La vera vittoria russa fu conquistata invece più di un secolo dopo: dalle pagine del romanzo di Tolstoi “Guerra e pace” dedicate alla battaglia nacque il mito della difesa della Santa Madre Russia e da qui alla Guerra Patriottica dopo l’attacco nazista all’Unione sovietica il passo fu breve.

La Prima Guerra mondiale

Uno degli aspetti sorprendenti della Prima Guerra mondiale fu proprio l’alto numero di vittorie di Pirro che si susseguirono tra il 1914 e il 1918, a cominciare dal fatto che la stessa vittoria inglese sulla Germania nel 1918 fu ottenuta tanto faticosamente e con tali sforzi da pregiudicare la stessa solidità dell’impero britannico. Tra le tante, due grandi battaglie hanno maggiormente concentrato l’attenzione e si svolsero entrambe sul fronte occidentale: Verdun e la Somme.
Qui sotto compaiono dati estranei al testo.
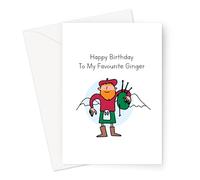 Happy Birthday to My Favourite Ginger Greeting Card | Funny Birthday Card for Him, Rude Birthday Card for Ginger, Hand Illustrated Scotsman
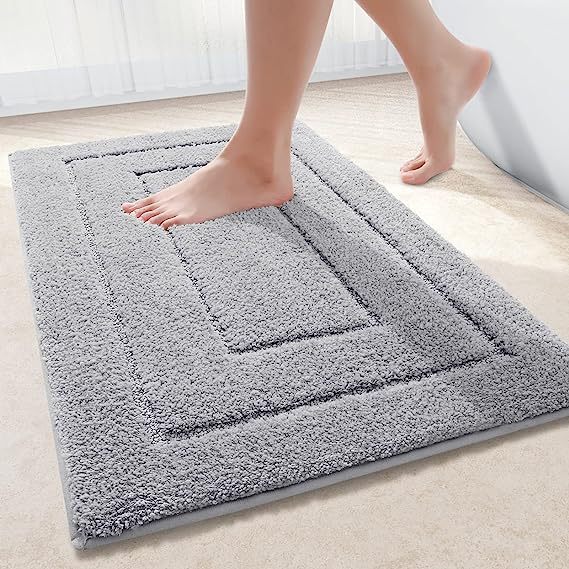 Rugs&Mats-Soft and Absorbent Microfiber Bath Rugs-Grey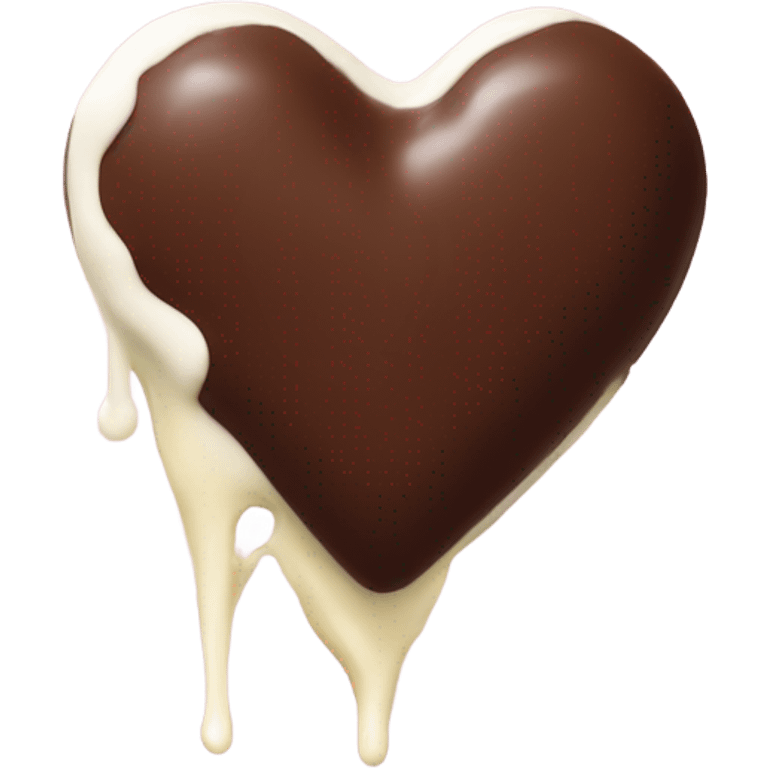 chocolate heart dipped in milk emoji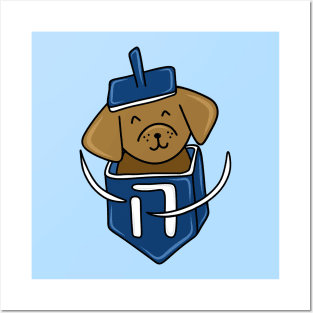 Hanukkah Dog in a Dark Blue Dreidel, made by EndlessEmporium Posters and Art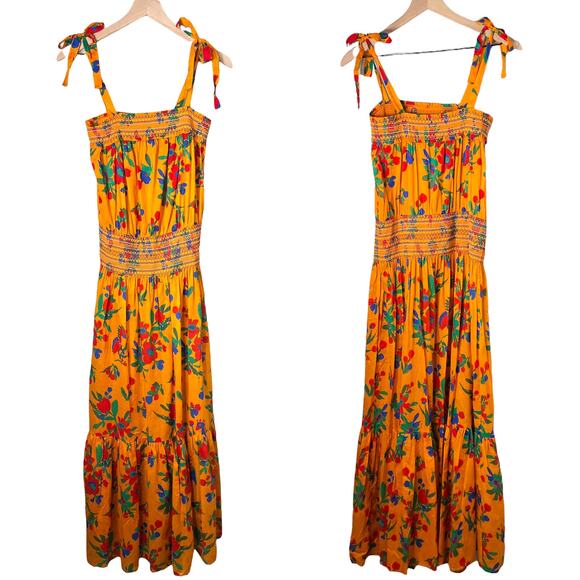 TORY BURCH NEW $448 Smocked Orange Green & Red Ruffle Floral Print Dress - Large - Picture 7 of 16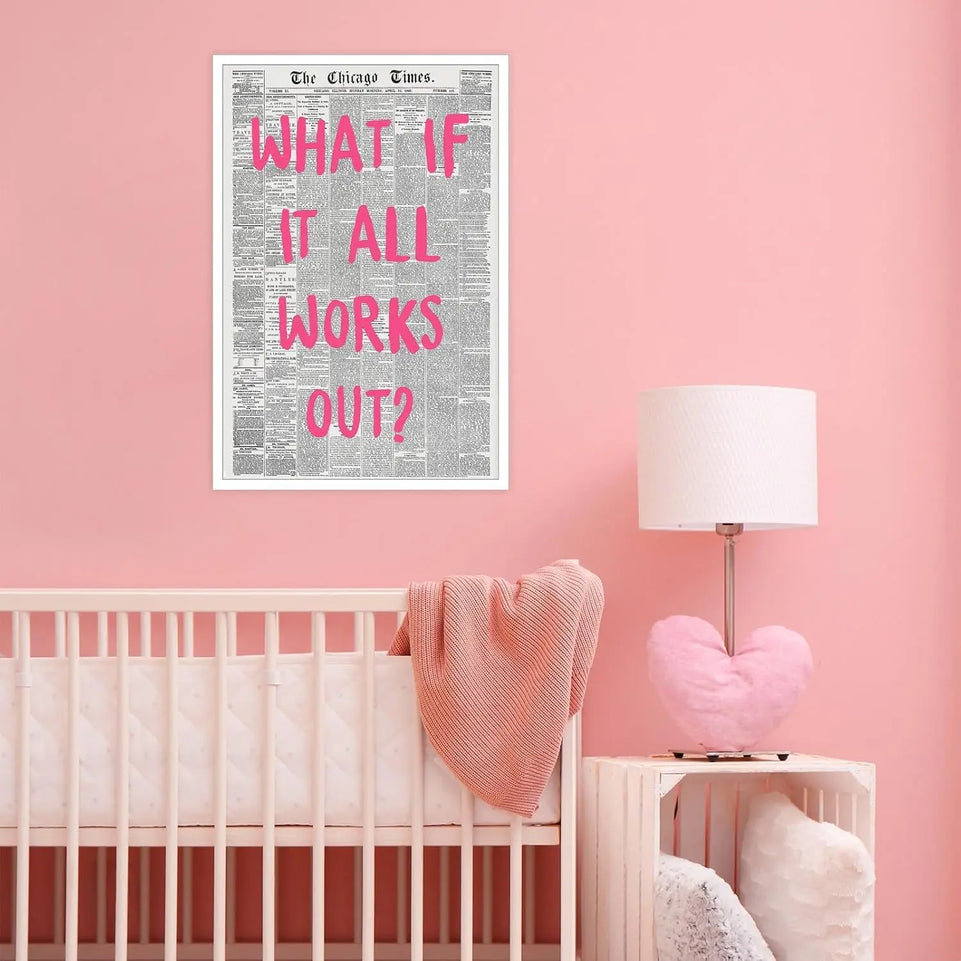 Liyark Retro Trendy Newspaper Canvas Wall Art What If All Works Out Poster Black And White Wall Art Positive Affirmation Quote Wall Art Pink Font Wall Decor Minimalist Home Decor 12x16in Unframed https://www.amazon.com/dp/B0D14VNYMR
Dal febbraio 1916 a dicembre intorno a Verdun si combatterono tra loro francesi e tedeschi con un bilancio di perdite spaventoso: nonostante sia trascorso più di un secolo le stime sono ancora indefinite e diverse, ma è ragionevole pensare che il totale dei morti da entrambe le parti sia stato abbondantemente superiore al mezzo milione e i feriti almeno ottocentomila, tra i quali decine di migliaia di intossicati dai gas asfissianti. Verdun non era un obiettivo strategico, ma i tedeschi intendevano ‘dissanguare’ lentamente l’esercito francese e impedirne altre operazioni offensive.
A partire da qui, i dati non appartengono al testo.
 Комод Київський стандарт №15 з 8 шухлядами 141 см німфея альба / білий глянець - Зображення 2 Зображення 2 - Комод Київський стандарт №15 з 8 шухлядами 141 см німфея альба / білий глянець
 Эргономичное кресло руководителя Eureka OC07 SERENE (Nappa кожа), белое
Qualcosa di analogo avvenne sulla Somme tra inglesi e tedeschi da luglio a novembre dello stesso anno: altrettanto terrificante il numero dei caduti di poco superiore a quello di Verdun. Eppure si parlò di vittoria strategica perché, anche senza aver conseguito rimarchevoli conquiste territoriali, l’esercito tedesco era stato comunque ‘inchiodato’ sulle sue linee.

Non si trattava più di considerare una singola battaglia come episodio degno di Pirro, ma l’intera macchina bellica stava conducendo una guerra con costi superiori alle conquiste mentre la propaganda esaltava grandi vittorie.